━━ SOURCE DATA ━━
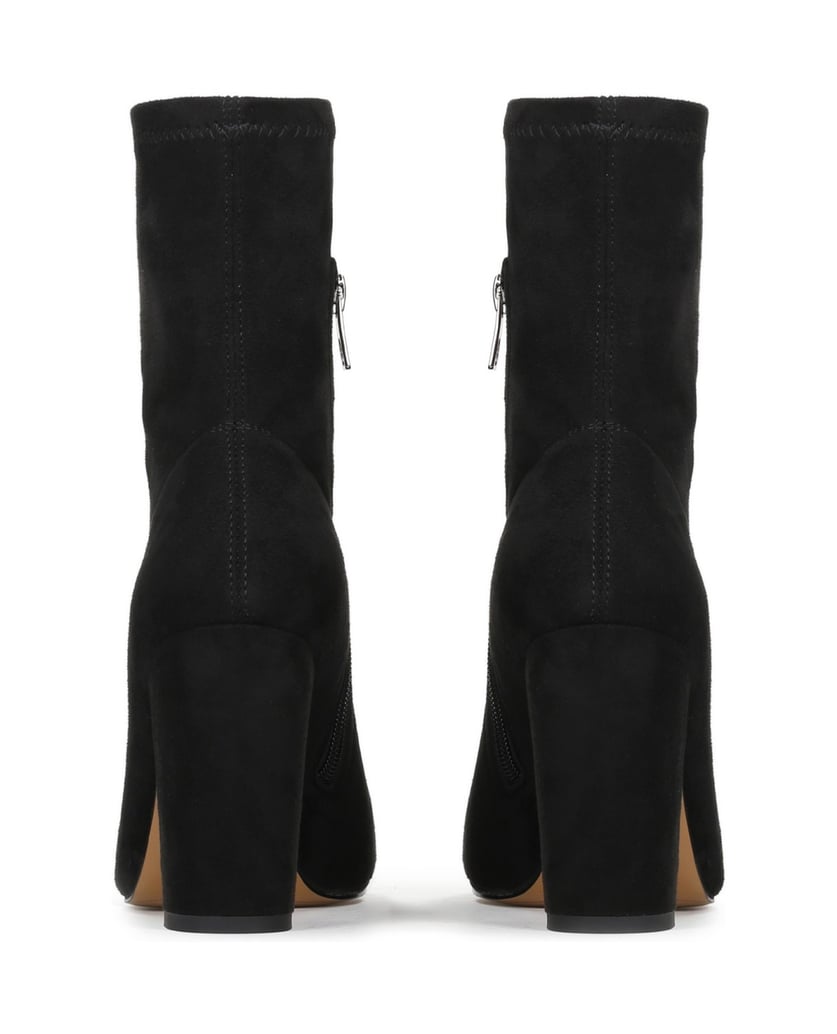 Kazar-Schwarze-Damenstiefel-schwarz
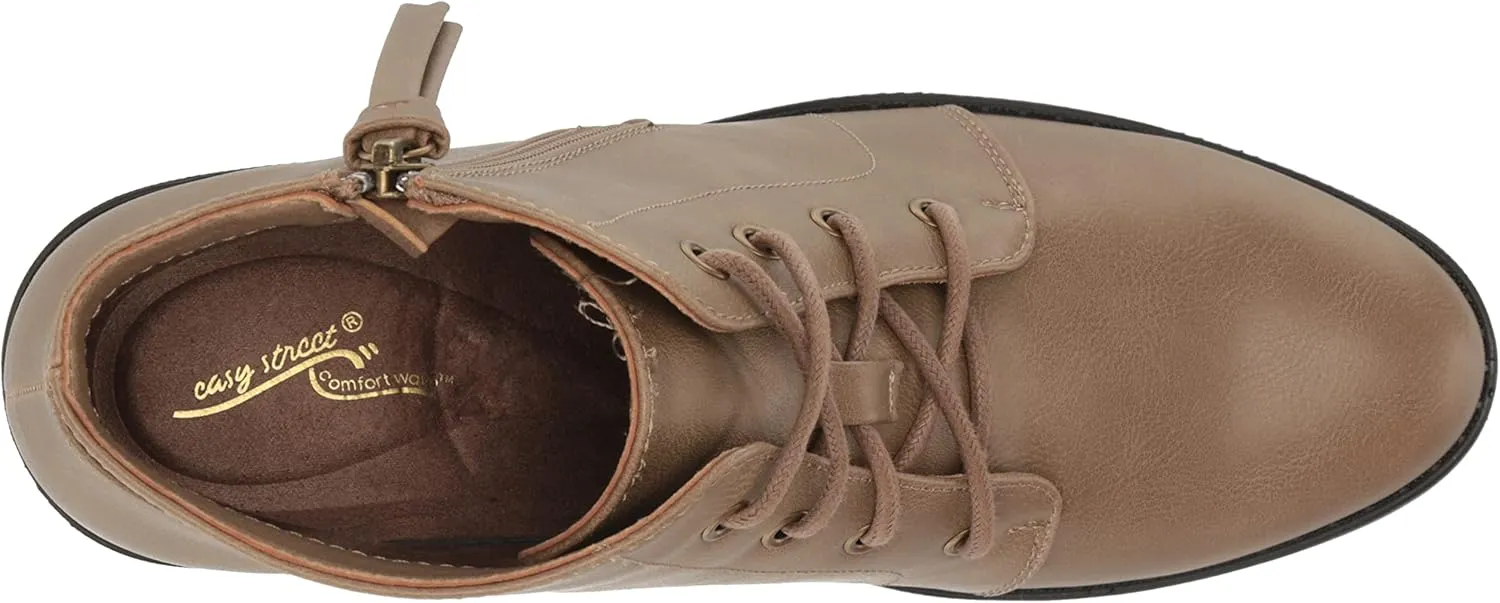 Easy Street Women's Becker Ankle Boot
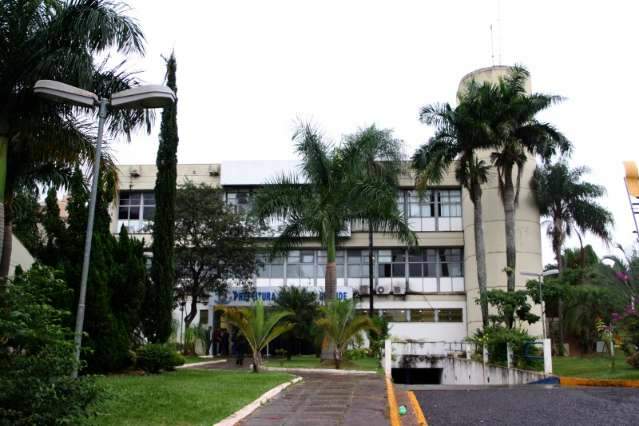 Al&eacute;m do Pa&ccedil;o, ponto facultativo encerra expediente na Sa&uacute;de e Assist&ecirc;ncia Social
━━━
━━ SOURCE DATA ━━
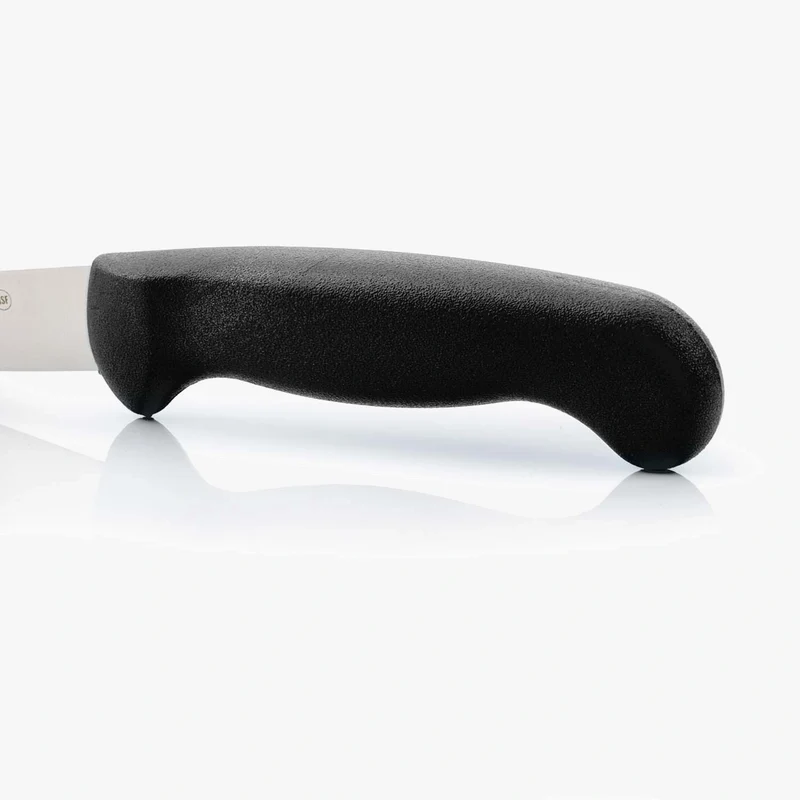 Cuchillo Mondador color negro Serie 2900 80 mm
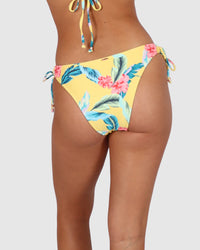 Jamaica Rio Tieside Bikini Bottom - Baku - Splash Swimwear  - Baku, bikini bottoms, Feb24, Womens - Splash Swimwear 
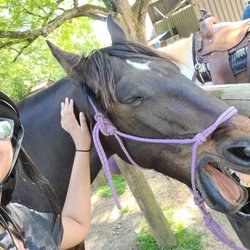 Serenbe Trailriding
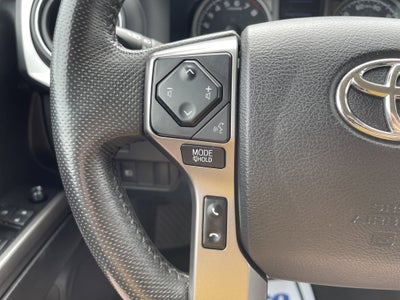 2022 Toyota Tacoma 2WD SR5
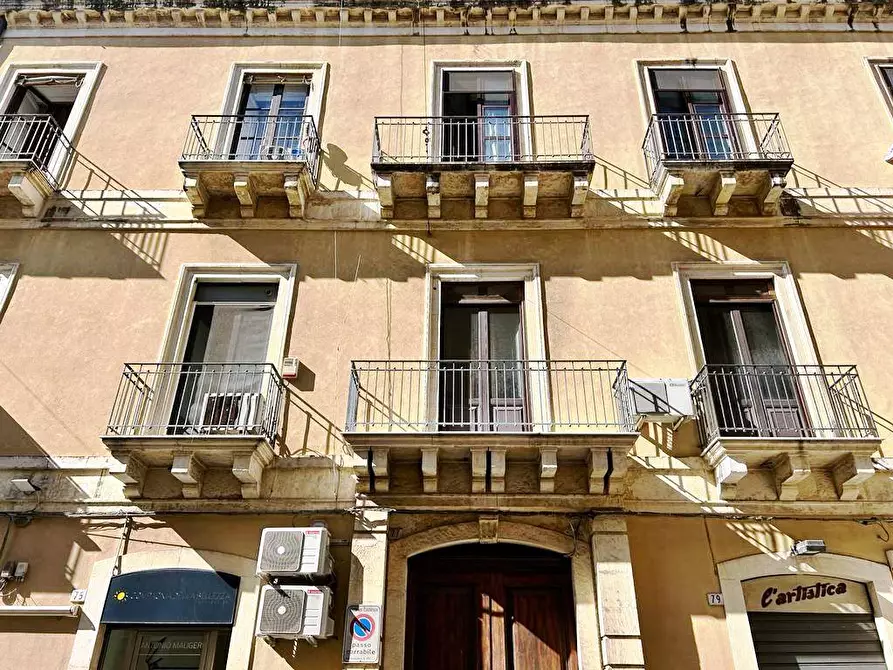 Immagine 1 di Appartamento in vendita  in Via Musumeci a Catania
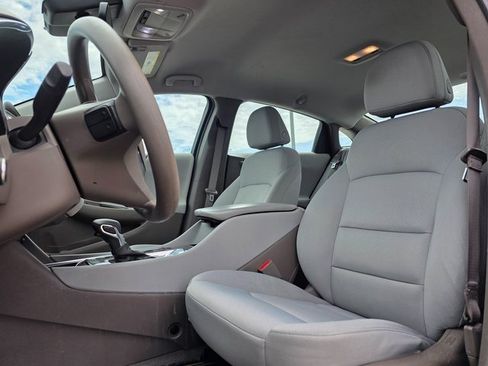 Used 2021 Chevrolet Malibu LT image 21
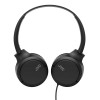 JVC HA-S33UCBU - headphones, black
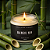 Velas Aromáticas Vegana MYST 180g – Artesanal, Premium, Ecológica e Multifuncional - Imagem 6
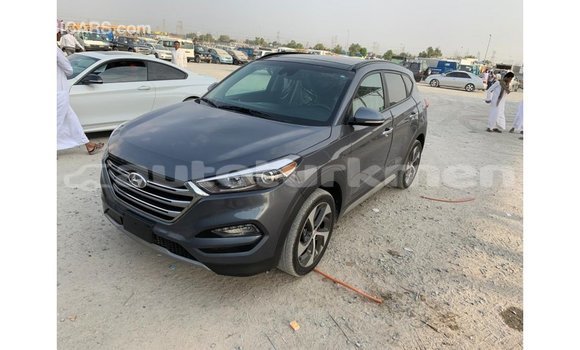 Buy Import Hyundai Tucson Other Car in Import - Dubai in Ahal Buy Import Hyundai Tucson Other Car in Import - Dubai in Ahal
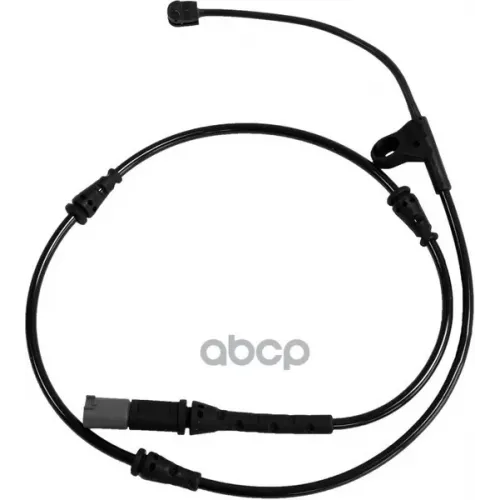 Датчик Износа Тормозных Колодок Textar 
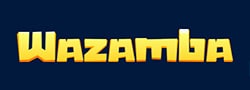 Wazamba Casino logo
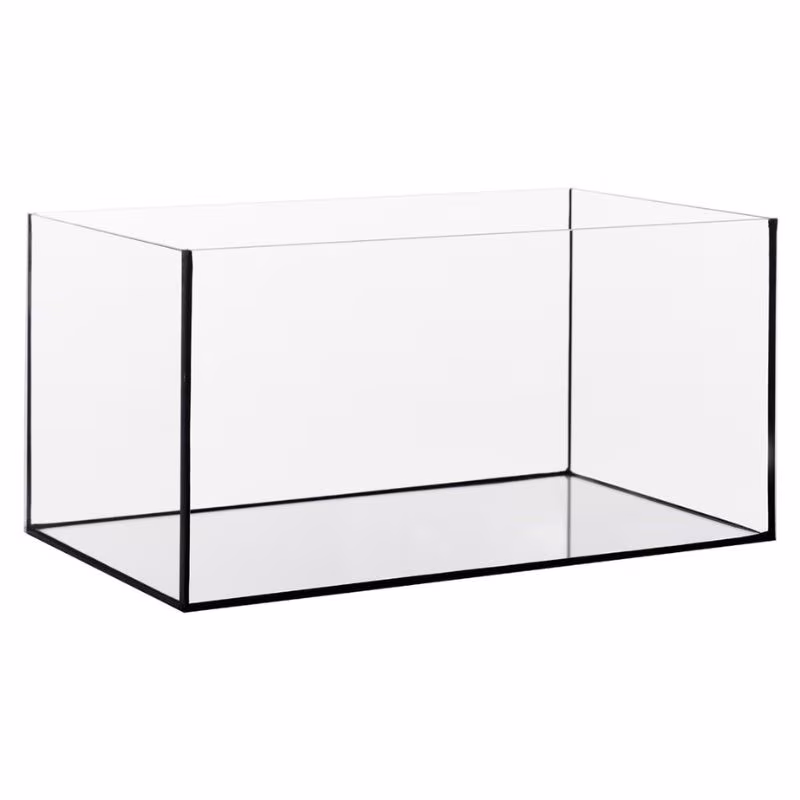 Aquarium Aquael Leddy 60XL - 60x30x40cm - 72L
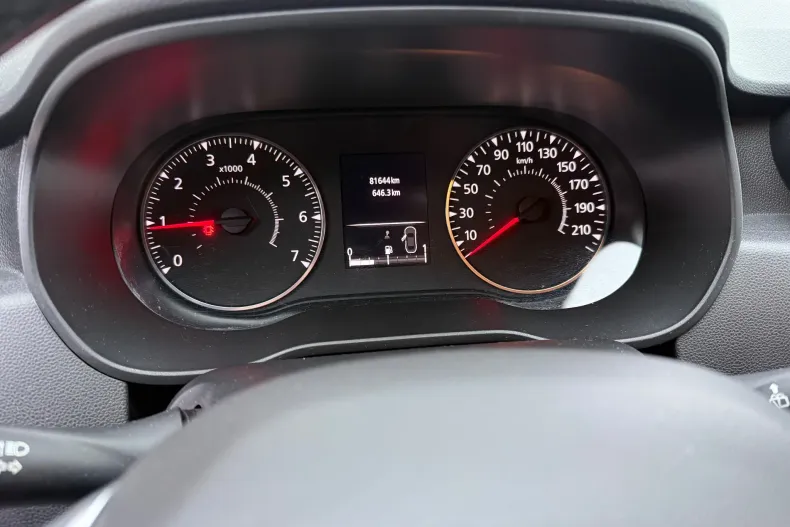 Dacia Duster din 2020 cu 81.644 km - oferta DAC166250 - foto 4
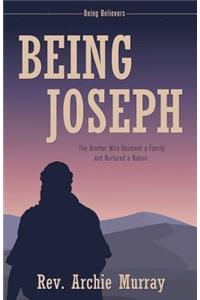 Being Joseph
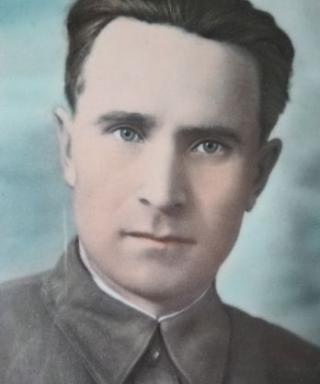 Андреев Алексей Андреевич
━━━
━━ SOURCE DATA ━━
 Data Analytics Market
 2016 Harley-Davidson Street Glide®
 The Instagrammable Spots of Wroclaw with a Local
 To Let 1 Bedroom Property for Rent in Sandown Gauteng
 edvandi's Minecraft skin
━━━
Find the line with "Jamaica Rio Tieside" in the entries above. Set down exactly every line from it up to and including the line with "in Ahal Buy", images excluded.

 Jamaica Rio Tieside Bikini Bottom - Baku - Splash Swimwear  - Baku, bikini bottoms, Feb24, Womens - Splash Swimwear 
 Serenbe Trailriding
 2022 Toyota Tacoma 2WD SR5
 Immagine 1 di Appartamento in vendita  in Via Musumeci a Catania
 Used 2021 Chevrolet Malibu LT image 21
 JVC HA-S33UCBU - headphones, black
 Velas Aromáticas Vegana MYST 180g – Artesanal, Premium, Ecológica e Multifuncional - Imagem 6
 Buy Import Hyundai Tucson Other Car in Import - Dubai in Ahal Buy Import Hyundai Tucson Other Car in Import - Dubai in Ahal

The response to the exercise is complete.